Après que nous eûmes publié le fameux document (la conversation entre Kamenev et Boukharine), Kamenev fut convoqué par Ordjonikidzé où, après quelques réserves (hum, hum !) il confirma par écrit l’exactitude du rapport. Boukharine fut également convoqué par Ordjonikidzé et il confirma également. Des réunions communes du bureau politique et du présidium de la commission centrale de contrôle eurent lieu les 30 janvier et 9 février. La droite assura que la brochure était une intrigue « trotskyste ». Ils n’ont pas nié le fait de la conversation. Ils ont exprimé leur opinion que « les conditions de travail étaient anormales. Des commissaires, Kroumine, Saveliev,Kaganovich et autres, avaient été placés au-dessus de membres du bureau politique. On dirige les partis frères en leur criant après. Douze ans après la révolution il n’y a pas un seul secrétaire de comité régional élu. Le parti ne participe nullement au règlement des problèmes. Tout est fait d’en haut ». Ces paroles de Boukharine furent reçues par des hurlements : « Où avez-vous copié ça ? Sur qui ? Sur Trotsky ! » Une résolution condamnant Boukharine a été proposée par la commission. Mais la droite a refusé de l’accepter, motivant leurs objections par le fait qu’ils sont déjà « travaillés » dans les rayons.
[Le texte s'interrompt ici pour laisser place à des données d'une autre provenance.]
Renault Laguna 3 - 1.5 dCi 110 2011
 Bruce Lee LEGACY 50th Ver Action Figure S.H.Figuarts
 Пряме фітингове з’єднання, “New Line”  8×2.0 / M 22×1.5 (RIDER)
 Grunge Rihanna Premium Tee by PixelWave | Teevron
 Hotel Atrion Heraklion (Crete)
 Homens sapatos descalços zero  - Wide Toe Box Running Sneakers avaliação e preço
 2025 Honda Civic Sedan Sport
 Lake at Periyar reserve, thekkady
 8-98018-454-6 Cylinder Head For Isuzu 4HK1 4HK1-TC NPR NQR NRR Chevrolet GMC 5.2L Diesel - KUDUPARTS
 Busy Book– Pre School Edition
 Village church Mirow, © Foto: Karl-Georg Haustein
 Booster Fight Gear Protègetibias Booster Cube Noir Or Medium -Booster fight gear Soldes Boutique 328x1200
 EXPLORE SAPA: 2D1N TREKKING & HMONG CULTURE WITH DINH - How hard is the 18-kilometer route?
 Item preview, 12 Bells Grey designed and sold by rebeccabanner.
Lors d’une séance commune du bureau politique et du présidium de la commission centrale de contrôle, Rykov a lu une longue déclaration de trente pages, critiquant la situation économique et le régime interne du parti. A la conférence régionale de Moscou du parti, Rykov, Tomsky et Boukharine ont été ouvertement désignés comme la droite. Mais la presse en a très peu parlé. Le plénum du C.C. a été reporté au 16 avril, la conférence au 23. Il n’a pas été possible d’arriver à une conciliation entre Staline et la fraction de Boukharine (bien que des rumeurs en ce sens aient circulé avec insistance, sans doute pour que les cellules frappent la gauche).